Task description »
Exact reproduction is required for the lines below starting at the line with "Fotograma de la serie las chicas del cable" and ending at the line with "Pathfinder 2nd Edition", both included. No other lines, and no pictures.

** Records for processing follows **

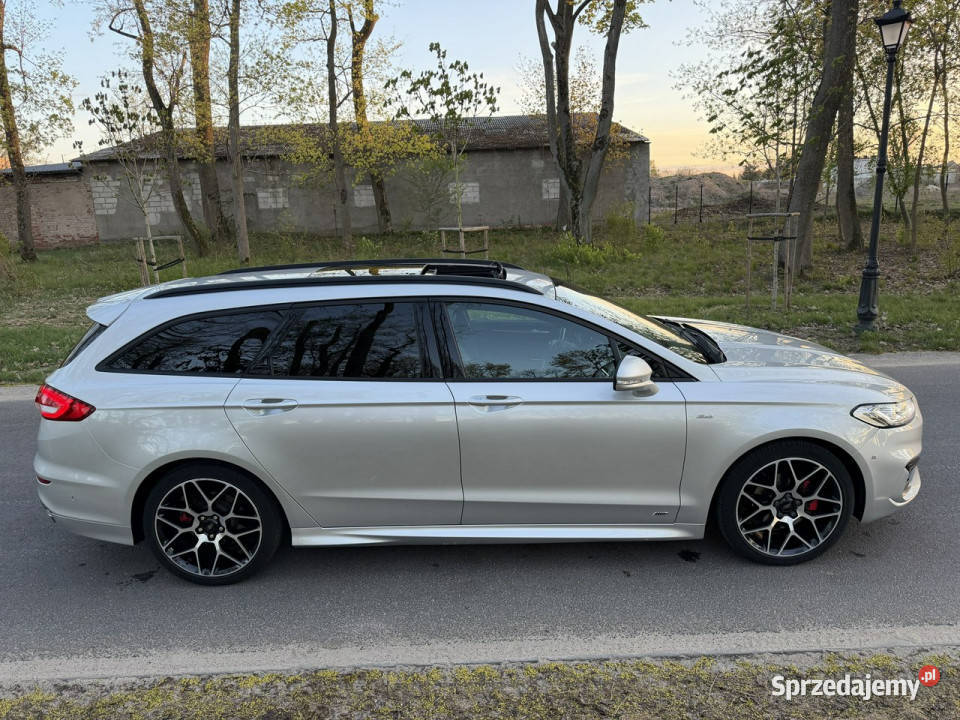 Ford Mondeo STLINE MK5 20 TDCI 190 Koni 4x4 AWD 195000km Józefkowo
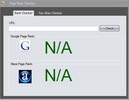 Thumbnail Page Rank Checker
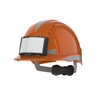 Capacete de Segurança com Porta-Crachá-Laranja-Único-RAG-Tailors-Fardas-e-Uniformes-Vestuario-Pro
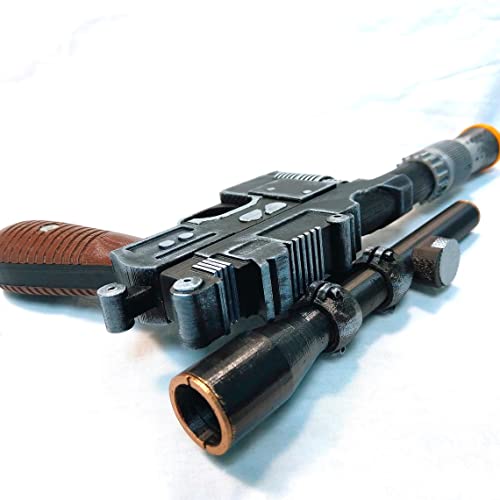 Han Solo DL-44 Blaster Prop Replica - Handmade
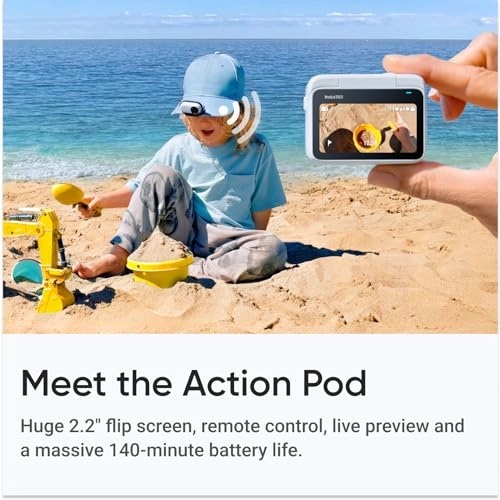 GO 3S - 64GB 4K + Action Pod + 50-in-1 Accessory Kit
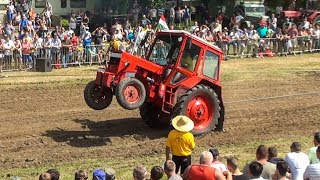 MTZ 80 vs MTZ 50 Turbo I Traktor Show I Traktorhúzó majális I Szarvas [upl. by Eybbob]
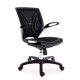 Silla operativa YORK Negra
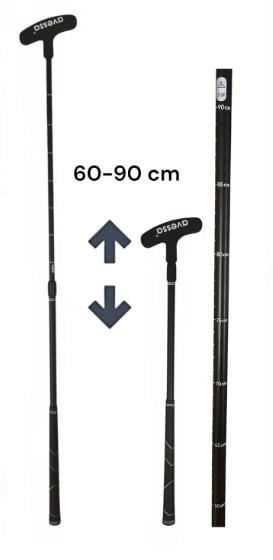 Avessa Gb-195 Ayarlanabilir Golf Sopası Siyah - Mini Golf Ekipmanı | ASSA SPOR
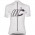 Cipollini Prestige Wit Wielershirt Korte Mouw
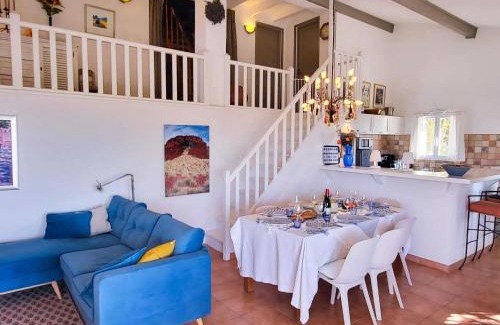 Villes-sur-Auzon Villa | Sunny Provence Getaway
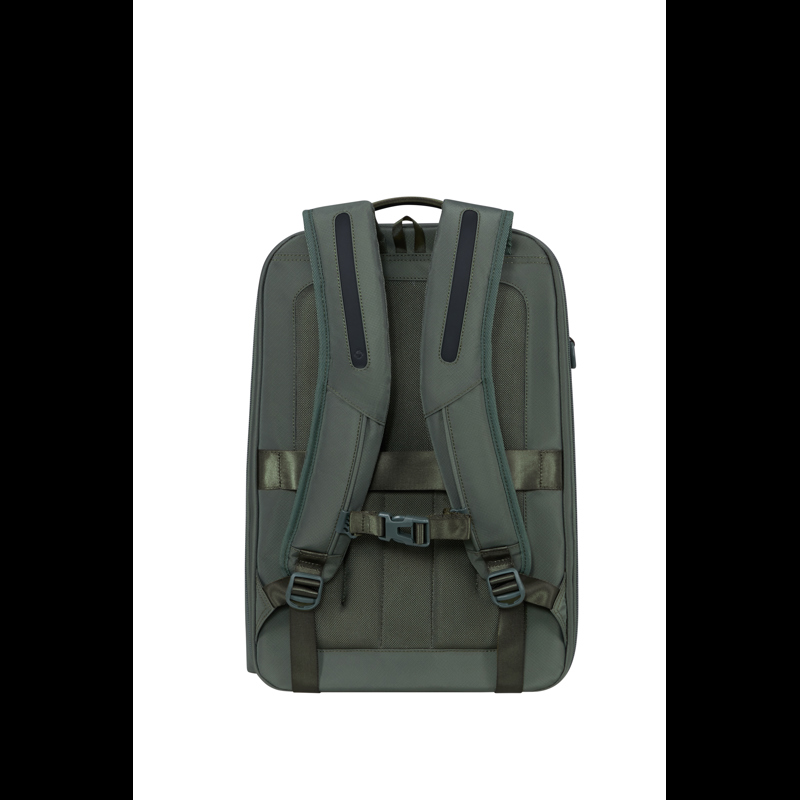 Samsonite Rygsæk Paralux BT Oliven 15" 8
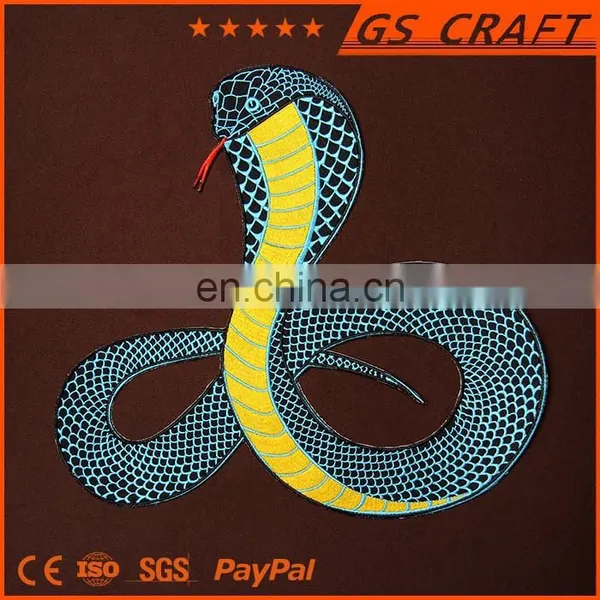 Custom Embroidered Patch,3D Embroidery Patch Eagle With American Flag Logo photo-2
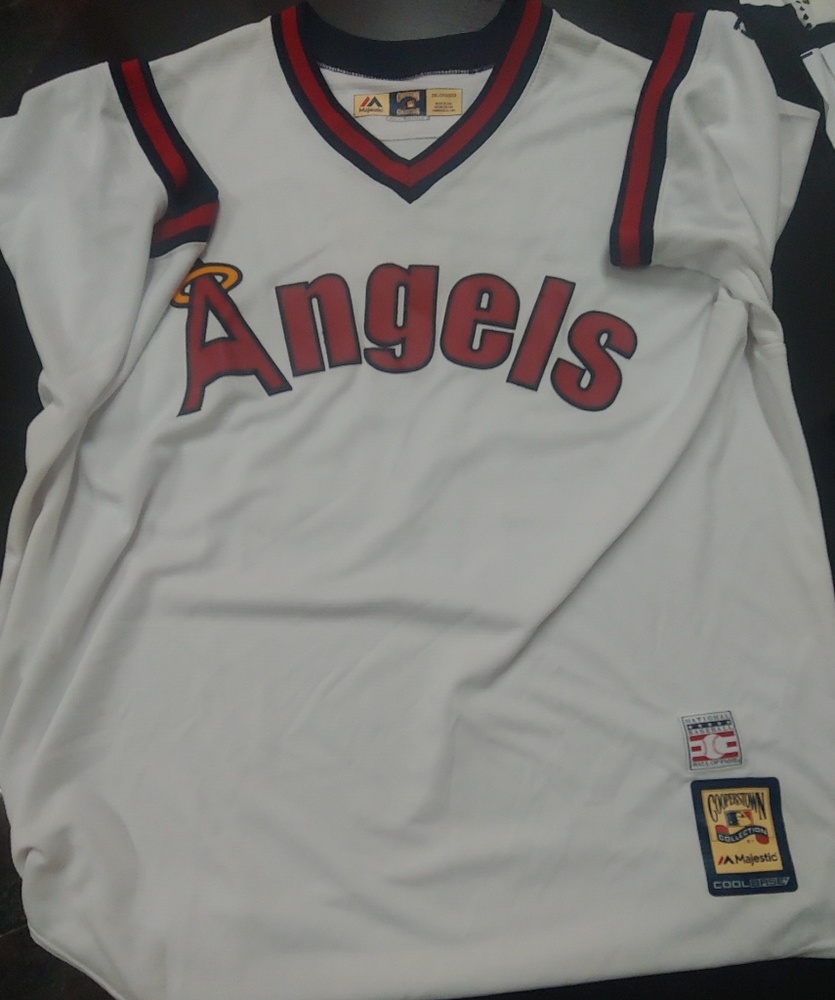 Majestic baseball Angels jersey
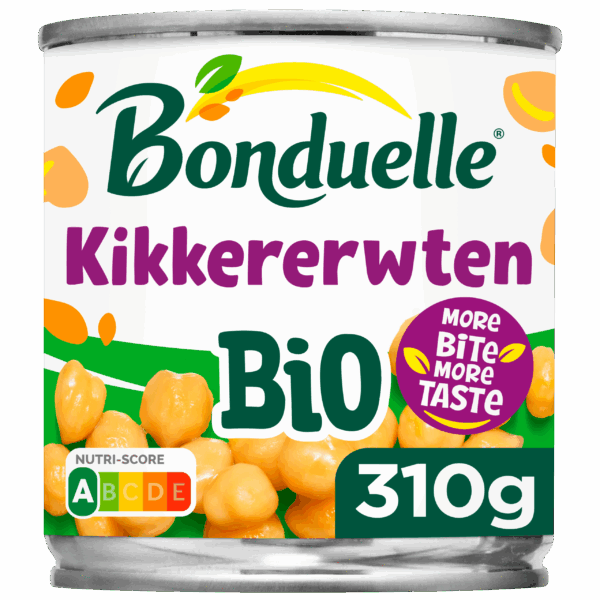 Bonduelle Kikkerwerten biologisch - PLUS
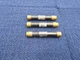 (QTY 3) BUSSMANN FUSETRON FRS-R-7 FRS-R-10 FRS-R-20 Dual Element Time Delay Fuse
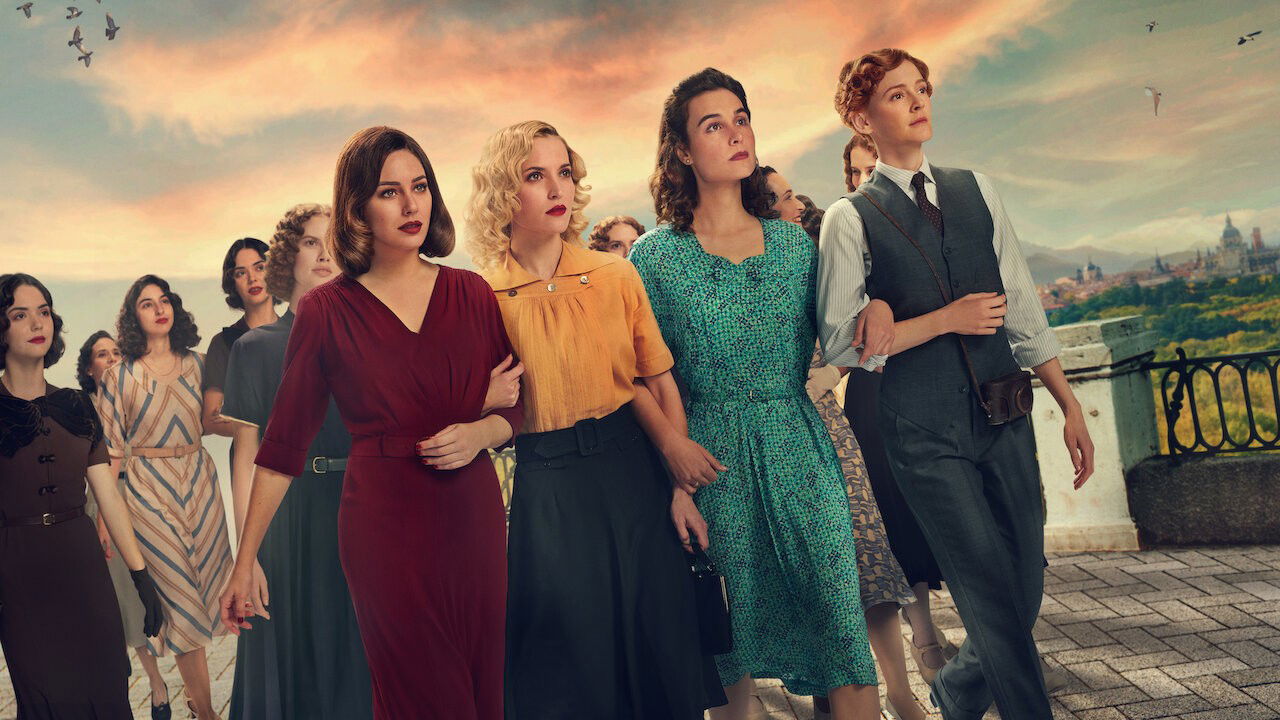 Fotograma de la serie las chicas del cable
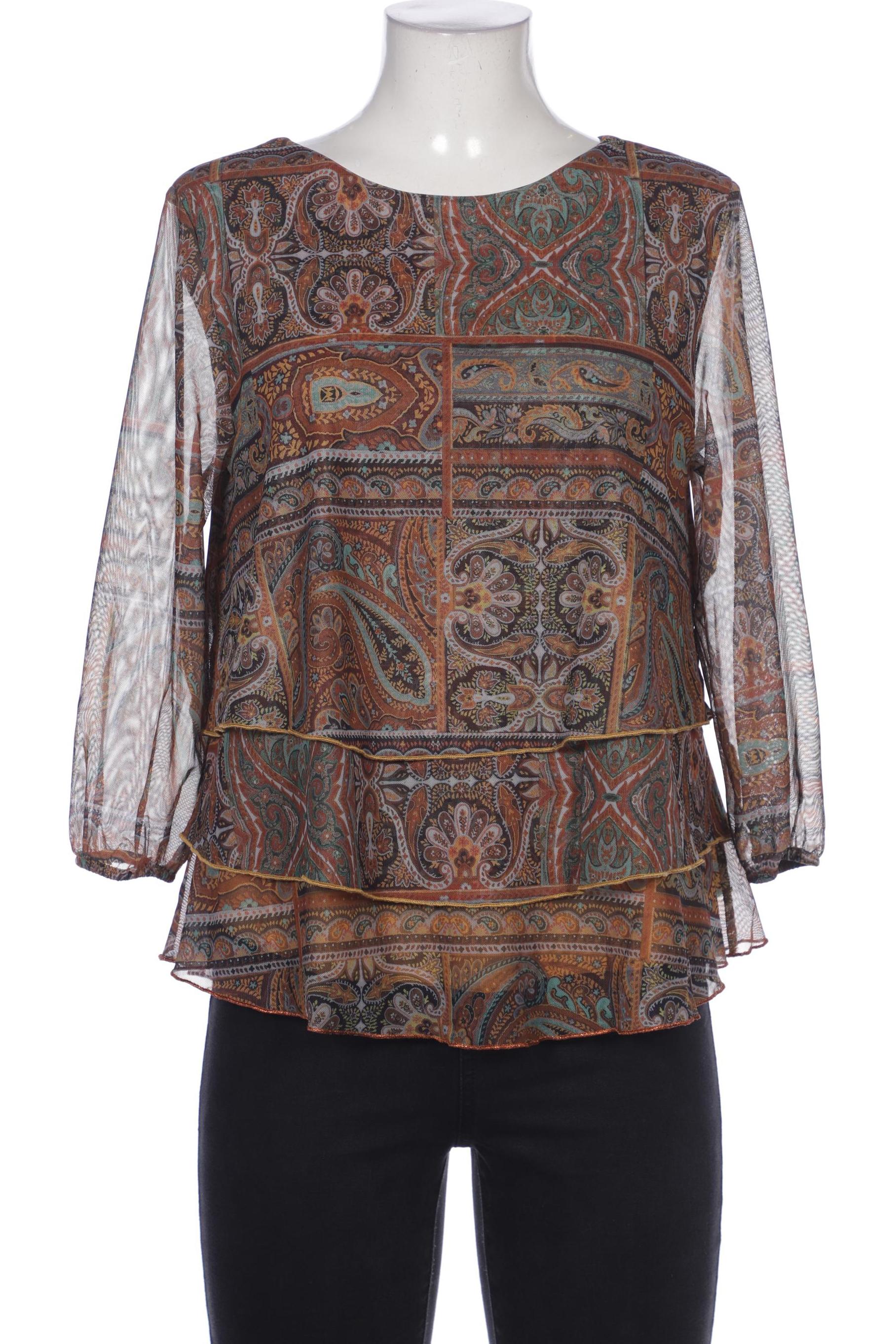 

Desigual Damen Bluse, braun, Gr. 44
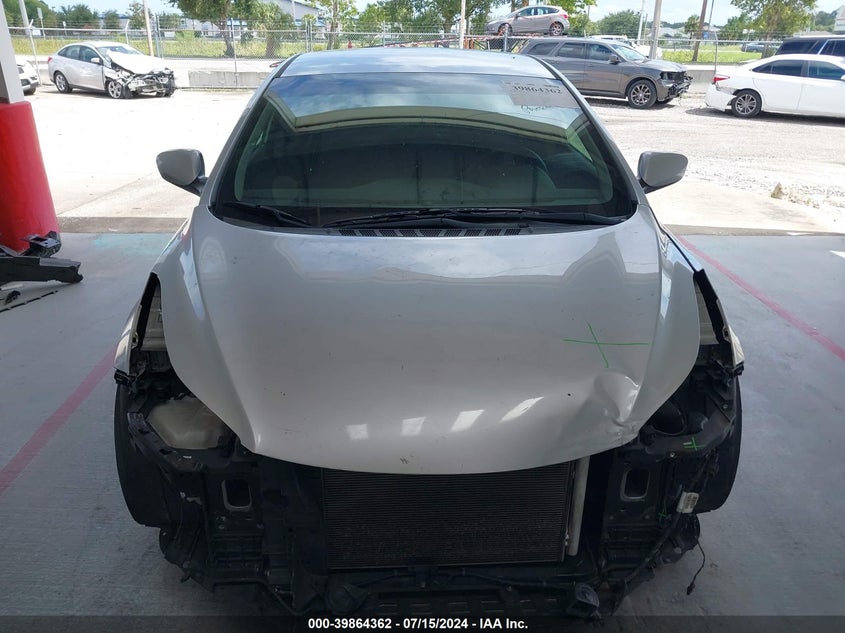 2013 Hyundai Elantra Gls VIN: 5NPDH4AE1DH151708 Lot: 39864362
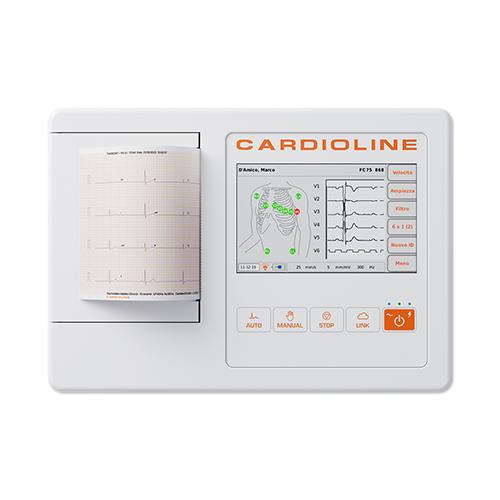 Cardioline EKG 100 L inklusive Zubehör
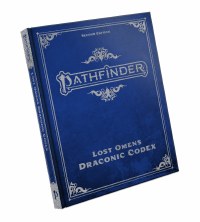 Pathfinder 2nd Edition Lost Omens Draconic Codex Special Edition EN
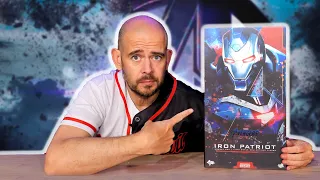 FOLIE FURIEUSE !!!! IRON PATRIOT De Hot Toys Avengers EndGame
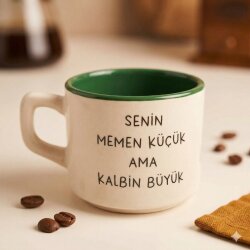 SENİN MEMEN KÜÇÜK-VENUS KUPA - YEŞİL İÇ - 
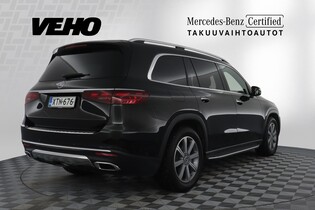 Mercedes-Benz GLS vaihtoauto
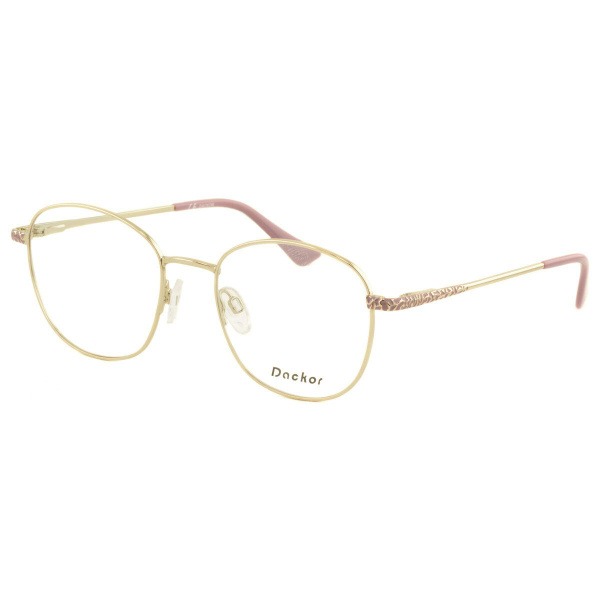 Dackor 023 Gold Eyeglass Frames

** End of Records for processing **

Output for this task »
 Fotograma de la serie las chicas del cable

Desigual Damen Bluse, braun, Gr. 44
 2013 Hyundai Elantra Gls VIN: 5NPDH4AE1DH151708 Lot: 39864362
 Cardioline EKG 100 L inklusive Zubehör
 Pathfinder 2nd Edition Lost Omens Draconic Codex Special Edition EN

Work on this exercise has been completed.